* _WHAT IS REQUIRED_: Would you restate the entries below exactly, keeping every line?

* _DATA SHOWN_:
**********

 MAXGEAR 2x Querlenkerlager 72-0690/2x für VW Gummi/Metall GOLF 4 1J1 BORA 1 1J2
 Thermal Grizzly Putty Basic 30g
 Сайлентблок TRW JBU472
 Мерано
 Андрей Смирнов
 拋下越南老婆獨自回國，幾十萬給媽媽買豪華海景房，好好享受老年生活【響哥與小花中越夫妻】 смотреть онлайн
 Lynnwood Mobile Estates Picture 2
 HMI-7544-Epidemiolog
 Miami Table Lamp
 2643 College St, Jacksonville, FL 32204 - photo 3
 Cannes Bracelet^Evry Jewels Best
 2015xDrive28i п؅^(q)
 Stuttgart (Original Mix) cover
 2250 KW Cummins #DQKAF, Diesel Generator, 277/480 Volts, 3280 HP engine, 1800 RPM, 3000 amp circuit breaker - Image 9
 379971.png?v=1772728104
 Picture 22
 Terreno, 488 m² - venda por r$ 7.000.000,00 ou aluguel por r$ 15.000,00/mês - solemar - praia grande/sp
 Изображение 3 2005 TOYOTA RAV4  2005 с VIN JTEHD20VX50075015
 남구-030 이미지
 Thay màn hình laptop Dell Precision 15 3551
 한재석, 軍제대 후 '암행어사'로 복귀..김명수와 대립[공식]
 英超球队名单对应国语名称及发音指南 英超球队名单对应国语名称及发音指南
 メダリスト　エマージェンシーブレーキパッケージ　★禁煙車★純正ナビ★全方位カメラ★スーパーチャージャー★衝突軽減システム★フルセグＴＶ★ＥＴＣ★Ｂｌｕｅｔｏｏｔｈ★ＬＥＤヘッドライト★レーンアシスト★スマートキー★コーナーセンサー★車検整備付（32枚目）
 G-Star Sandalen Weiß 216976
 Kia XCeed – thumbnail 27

**********

* _EXERCISE RESPONSE_:
 MAXGEAR 2x Querlenkerlager 72-0690/2x für VW Gummi/Metall GOLF 4 1J1 BORA 1 1J2
 Thermal Grizzly Putty Basic 30g
 Сайлентблок TRW JBU472
 Мерано
 Андрей Смирнов
 拋下越南老婆獨自回國，幾十萬給媽媽買豪華海景房，好好享受老年生活【響哥與小花中越夫妻】 смотреть онлайн
 Lynnwood Mobile Estates Picture 2
 HMI-7544-Epidemiolog
 Miami Table Lamp
 2643 College St, Jacksonville, FL 32204 - photo 3
 Cannes Bracelet^Evry Jewels Best
 2015xDrive28i п؅^(q)
 Stuttgart (Original Mix) cover
 2250 KW Cummins #DQKAF, Diesel Generator, 277/480 Volts, 3280 HP engine, 1800 RPM, 3000 amp circuit breaker - Image 9
 379971.png?v=1772728104
 Picture 22
 Terreno, 488 m² - venda por r$ 7.000.000,00 ou aluguel por r$ 15.000,00/mês - solemar - praia grande/sp
 Изображение 3 2005 TOYOTA RAV4  2005 с VIN JTEHD20VX50075015
 남구-030 이미지
 Thay màn hình laptop Dell Precision 15 3551
 한재석, 軍제대 후 '암행어사'로 복귀..김명수와 대립[공식]
 英超球队名单对应国语名称及发音指南 英超球队名单对应国语名称及发音指南
 メダリスト　エマージェンシーブレーキパッケージ　★禁煙車★純正ナビ★全方位カメラ★スーパーチャージャー★衝突軽減システム★フルセグＴＶ★ＥＴＣ★Ｂｌｕｅｔｏｏｔｈ★ＬＥＤヘッドライト★レーンアシスト★スマートキー★コーナーセンサー★車検整備付（32枚目）
 G-Star Sandalen Weiß 216976
 Kia XCeed – thumbnail 27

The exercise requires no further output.